Apache Chairman Plank retires
Raymond Plank, founder and longtime chairman of Apache, retired Jan. 15 after 54 years with the firm that he grew from a pioneer public drilling program to one of the largest publicly traded independents in the industry.
By OGJ editors
HOUSTON, Jan. 19 -- Raymond Plank, founder and longtime chairman of Apache Corp., Houston, retired Jan. 15 after 54 years with the firm that he grew from a pioneer public drilling program to one of the largest publicly traded independent oil and gas producers in the industry, with international operations and a market value of $25 billion.
Plank's plain-spoken, in-your-face style as an industry maverick has left its imprint on Apache's corporate culture. When one industry association tabled a proposal calling for an import tax to set a floor for domestic oil in the 1980s, Plank led a floor fight and the subsequent walkout by a large segment of the members to stage a rump-session attended by most of the news reporters who had been covering the convention.
In the mid-1990s, he led a nationwide group of independent producers, state trade organizations, the Independent Producers Association of America, and royalty owners in an effort to secure limited exemption from antitrust laws so natural gas producers could form marketing cooperatives.

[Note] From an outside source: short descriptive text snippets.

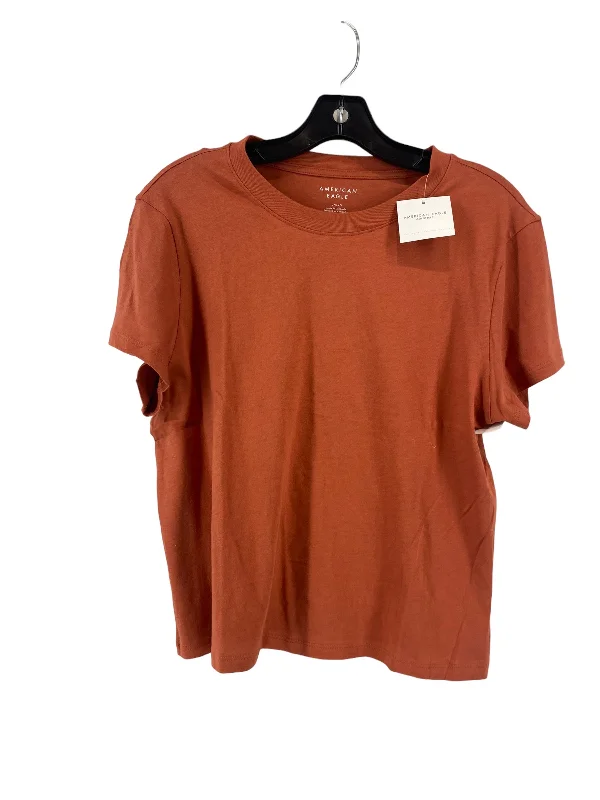 Top Short Sleeve By American Eagle In Brown, Size: L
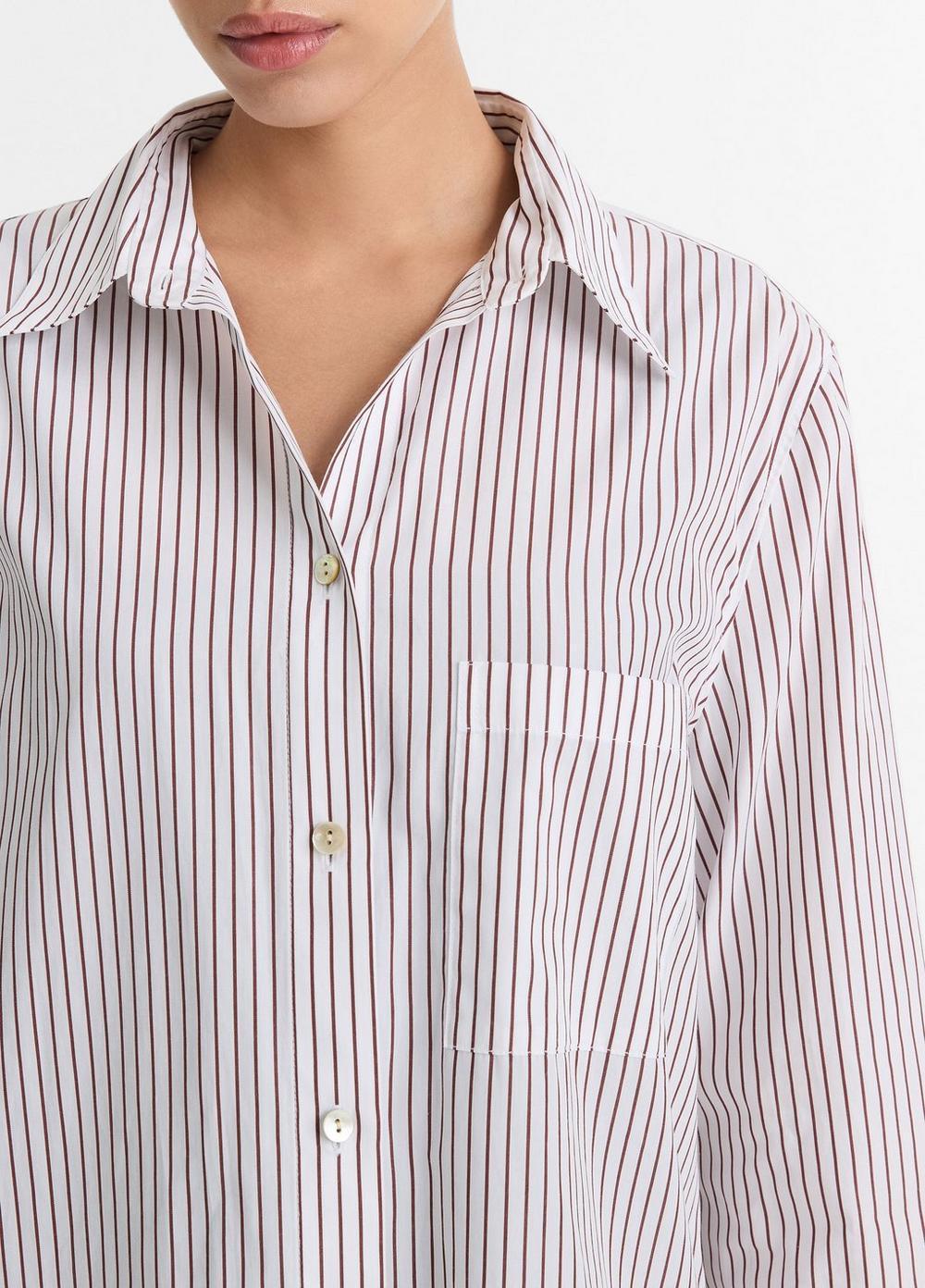 Womens Striped Cotton Relaxed Straight Shirt, Optic White/rose, Size S Vince Product Image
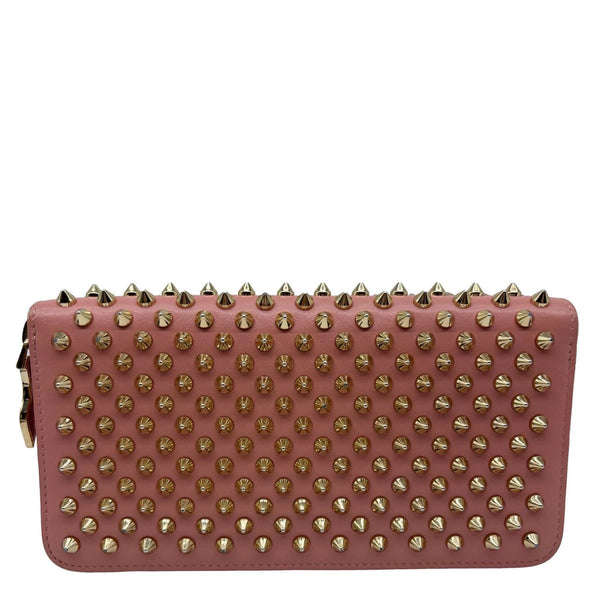 Christian Louboutin Christian Louboutin Panettone Spikes Leather Zip Around Wallet Light Pink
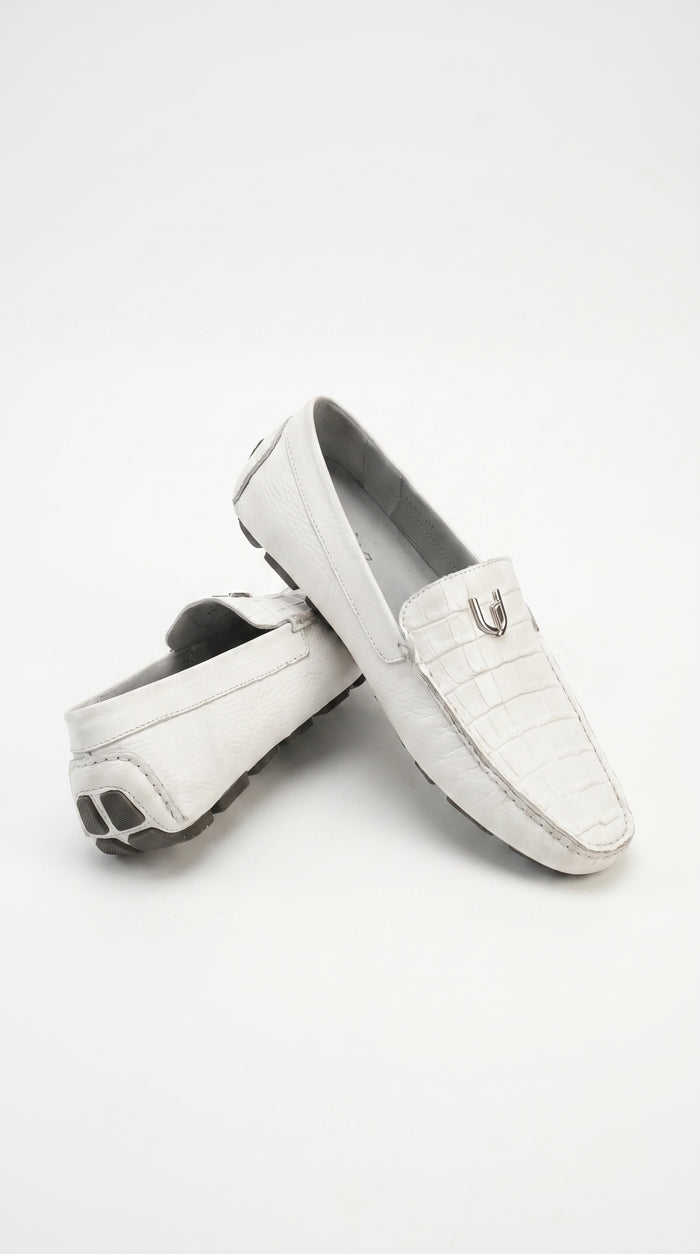 Men’s White Vestigium Genuine Caiman Belly Loafers, Alligator Style Dress Shoes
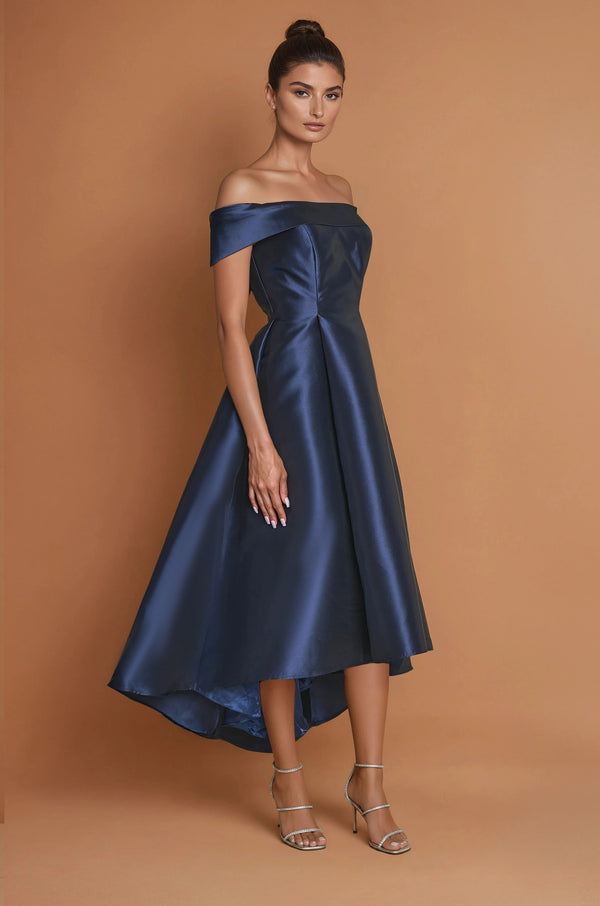 Navy Off-Shoulder Long Satin Formal Cocktail Dress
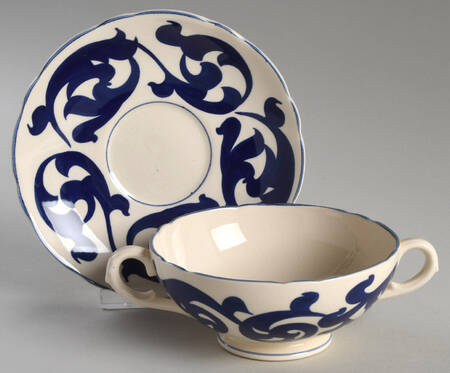 Blue Scroll Footed Cream Soup Bowl & Saucer Set
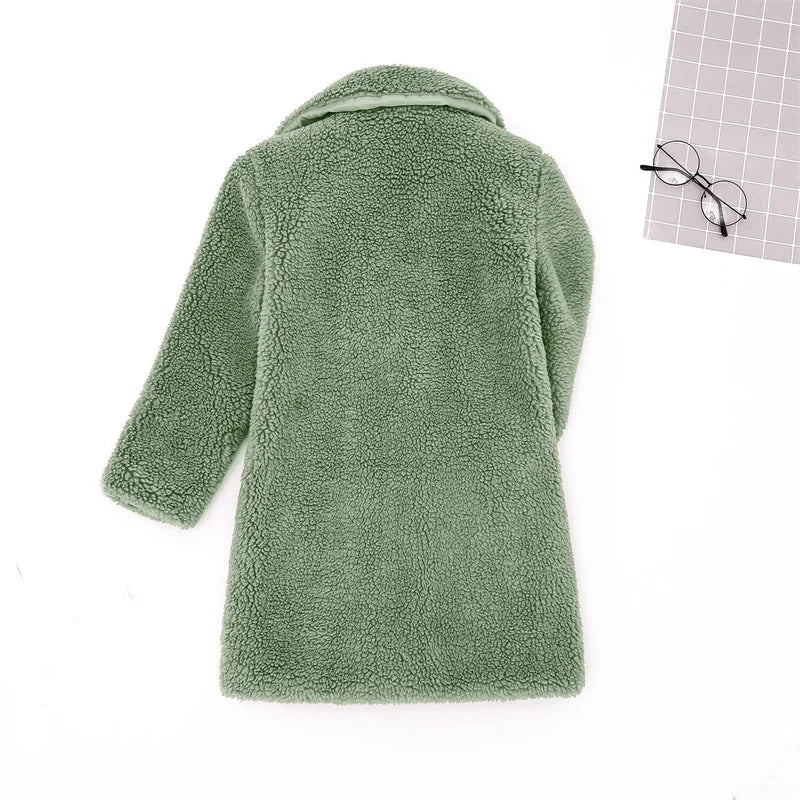 Bebê meninas casacos de pele do falso crianças inverno quente jaquetas de pelúcia crianças turndown colarinho acolchoado outerwear infantil casual roupas exteriores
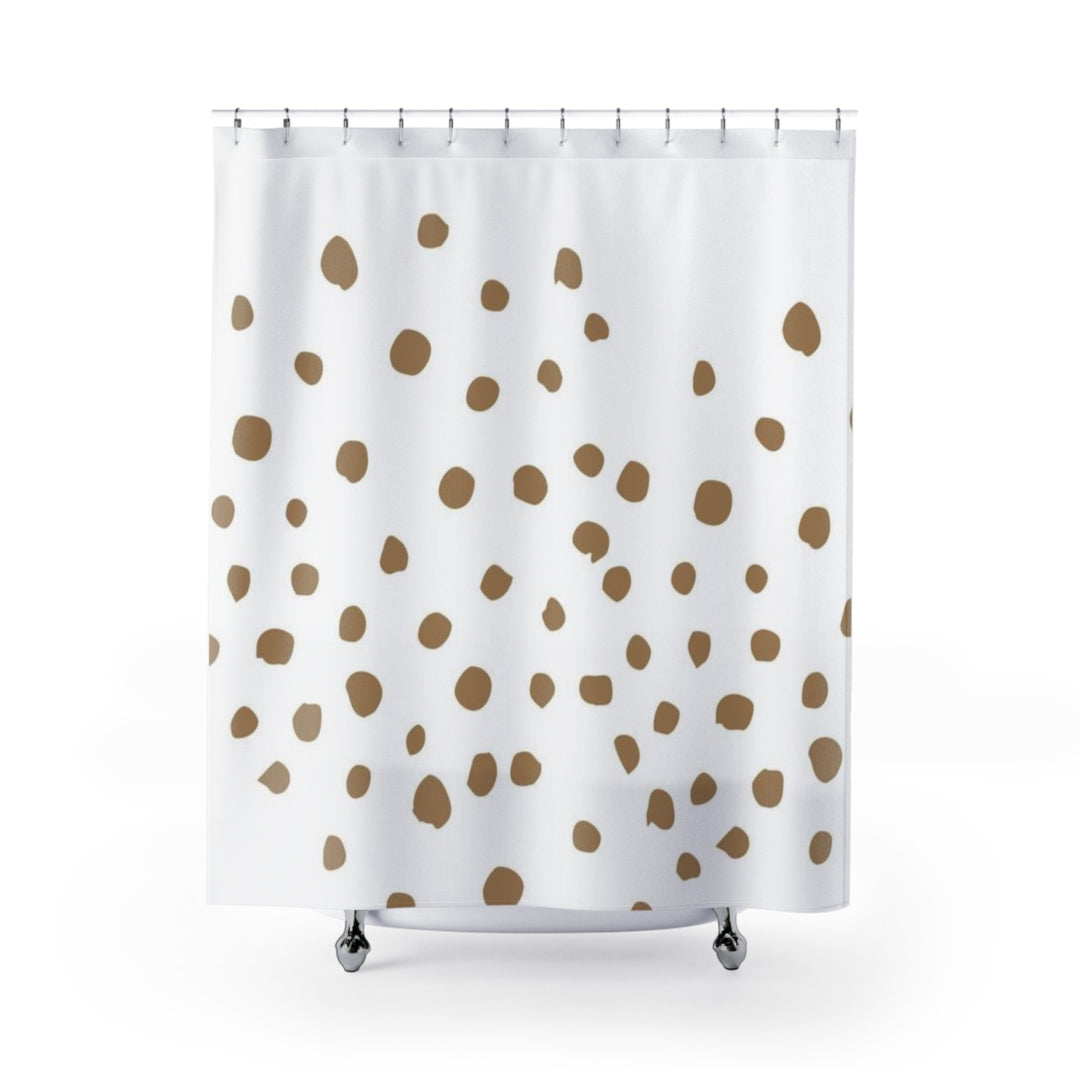 Sand and White Speckled Shower Curtain - GLOBAL+ART+STYLE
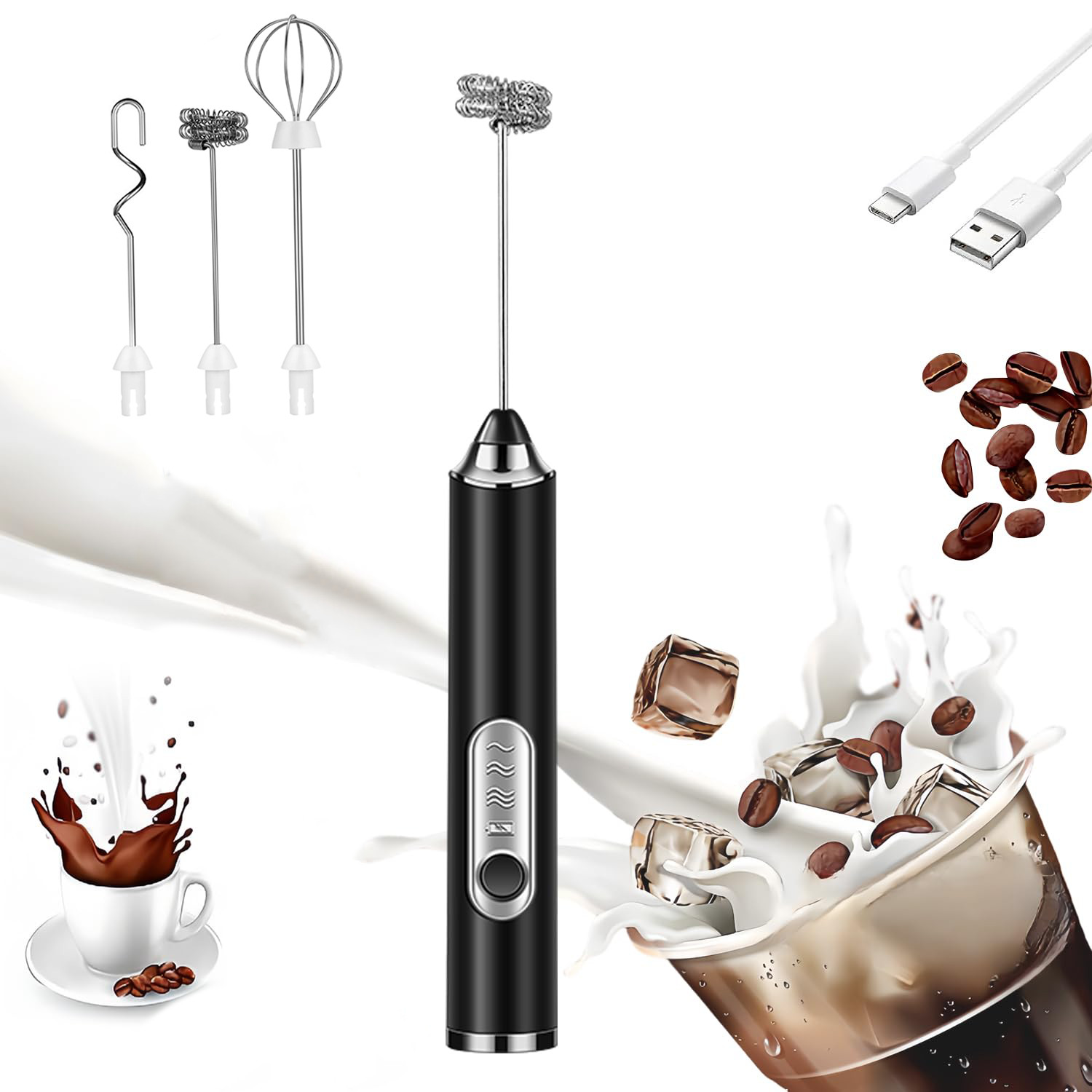 Electric Milk Frother Handheld Whisk Mixer Stirrer Coffee Eg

Plank was a vocal and persistent critic of megamarketers of crude, natural gas, and electricity years before the fall of Enron Corp.
While many independents were satisfied to operate only in the US, Apache in the 1990s became one of the largest leaseholders off Western Australia and a major participant in Egypt.
A graduate of Yale University, Plank never lost the brashness and nerve he exhibited as a bomber pilot in the South Pacific during World War II. He and two partners founded the company in 1954 in Minneapolis, Minn., with $250,000 initial seed capital. Plank won a coin toss to become president of the firm and held that position to 1979. He was chief executive officer of Apache in 1966-2002, and chairman since 1979.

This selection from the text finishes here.